Elassoma zonatum – Band Dwergzonnebaars
Dwergzonnebaarzen van het geslacht Elassoma bestaat uit 6 soorten.
- E. zonatum
- E. evergladei
- E. okefenokee
- E. boehlkei
- E. okatie
- E. alabamae
Alle soorten leven in het Zuid-Oosten van de VS, inclusief de Mississippi bassins. De soorten leven in moerassen en dichtbegroeide sloten. Elassoma kan overleven in modderig, zuurstofarm water met een zuurstofgehalte van slechts 0,5 mg/l. In deze gebieden met extreme leefomstandigheden heeft de vis weinig last van concurrerende vissoorten (alleen levendbarenden (poeceliidae), Esox Americanis en Amia Calva).

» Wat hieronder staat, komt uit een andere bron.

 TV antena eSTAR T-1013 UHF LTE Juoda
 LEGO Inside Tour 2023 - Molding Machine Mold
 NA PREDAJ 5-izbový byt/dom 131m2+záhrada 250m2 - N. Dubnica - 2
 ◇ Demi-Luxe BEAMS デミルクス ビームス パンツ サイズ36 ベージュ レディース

De vis leeft altijd in de buurt van dichte vegetatie. De zgn. wetlands zijn voor de vissen het gewenste biotoop. Bij gebrek aan wetlands kan de soort ook leven in groter water, echter zonder wetland lukt het niet om zich voort te planten. In de staten waar Elassoma voorkomt bestaan regels voor het percentage wetlands (2%) dat moet worden aangelegd ten opzichte van landbouwgrond. Toch is dat te weinig, waardoor de meeste soorten op de lijst met bedreigde diersoorten zijn beland. Uitzondering hierop is E. zonatum, die een groot verspreidingsgebied kent en lokaal zeer talrijk is.

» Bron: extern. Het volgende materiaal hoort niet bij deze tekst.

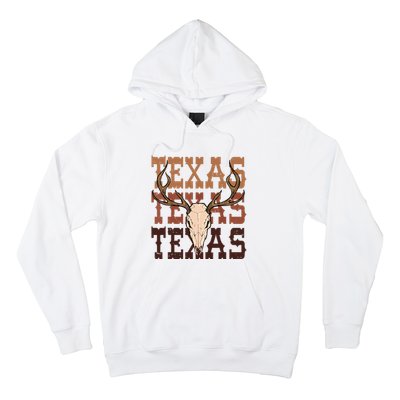 Texas Longhorn Cowboy Cowgirl Western Texas Women Men Hoodie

Sinds de officiële beschrijving van E. zonatum in 1877 is er veel discussie geweest over het geslacht Elassoma. In het begin werd gedacht dat het een cichlide was. Later is het geslacht in een eigen familie geplaatst, die van de dwergzonnevisssen. Toch is het geen zonnebaars. Volgens vele deskundigen is er een nauwere verwantschap met de stekelbaarsen en de naaldvissen (syngnathiformes).
Elassoma zonatum
Deze soort is het meest wijd verspreid en komt voor van noord-Carolina tot en met de Zuidoostelijke staten tot in West-Texas. Oklahoma en in het zuiden van Illinois. E. Zonatum is de minst kleurrijke soort, maar hebben zeker een schoonheid met hun vlekkenpatroon. Het lichaam is grijs tot geellbruim, en voorzien van verticale banden. Mannen zijn over het algemeen donkerder en hebben meer uitgesproken banden. Ook zijn bij mannen de vinnen donker, waar ze bij vrouwen relatief doorzichtig zijn. Volgens sommigen zijn vrouwen iets groter en robuuster.

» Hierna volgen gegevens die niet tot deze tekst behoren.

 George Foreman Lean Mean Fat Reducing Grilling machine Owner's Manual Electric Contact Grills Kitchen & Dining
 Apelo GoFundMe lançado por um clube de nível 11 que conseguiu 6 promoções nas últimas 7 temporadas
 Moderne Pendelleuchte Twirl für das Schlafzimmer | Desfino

Het zijn rustige, schuwe roofvisjes die zich graag verschuilen, maar graag tevoorschijn komen als er voer lonkt. Ze blijven bij voorkeur dicht bij de bodem en zoeken af te toe de middelste waterlaag op. Ideale medebewoners zijn vissen die de bovenste en middelste waterlaag bevolken. Het maximum formaat is 4,7 cm. Gemiddelde grootte blijft beperkt tot 3,5 cm. Er worden temperaturen verdragen van 15 tot 25 graden. Het beste lijkt een temperatuur rond de 18 graden.
Het Aquarium
Een dichtbeplant aquarium en niet te felle verlichting. Drijfplanten dragen er aan bij dat de vis zich op zijn gemak voelt. Een aantal donkere plekken wordt op prijs gesteld. Het beste kan een groep worden gehouden. Een koppel kan echter ook. Het aquarium kan klein zijn, een koppel is al goed houdbaar in een aquarium van slechts 100 liter. Temperatuur is het best rond de 20 graden, in de zomer en tussen 10 en 14 graden in de winter.
Voeding
Carnivoor. In de natuur leeft Elassoma voornamelijk van insectenlarven en slakkeneieren. Al het gangbare dierlijke levend voer wordt gegeten. Meestal zijn de dieren te wennen op diepvriesvoer. Droogvoer wordt nooit gegeten.
Kweek
Eenvoudig. Mannen zijn in de paartijd felgekleurd (vrouwen niet). De kleine eieren (3,7-3,8 mm) worden meestal rond de maand maart in fijnbladige planten afgezet, waar ze blijven plakken. De man verjaagt het vrouwtje (het vrouwtje zal anders de eieren opeten) en bewaakt het nestgebied totdat de jongen uitkomen en vrijzwemmen (72-100 uur). De jongen zijn erg klein (3,-3,8 mm) en lijken op kikkervisjes: er is nog geen pigment in de ogen ogen en ook geen bek ontwikkeld. Ook hebben ze 4 rijen met externe kieuwen, die ritmisch bewegen. Na verloop van tijd hebben ze micro-organismen als voedsel nodig. Binnen 100 dagen zijn de vissen volwassen. Ze worden maximaal 3 jaar oud, de meesten worden echter typisch 2,5 jaar.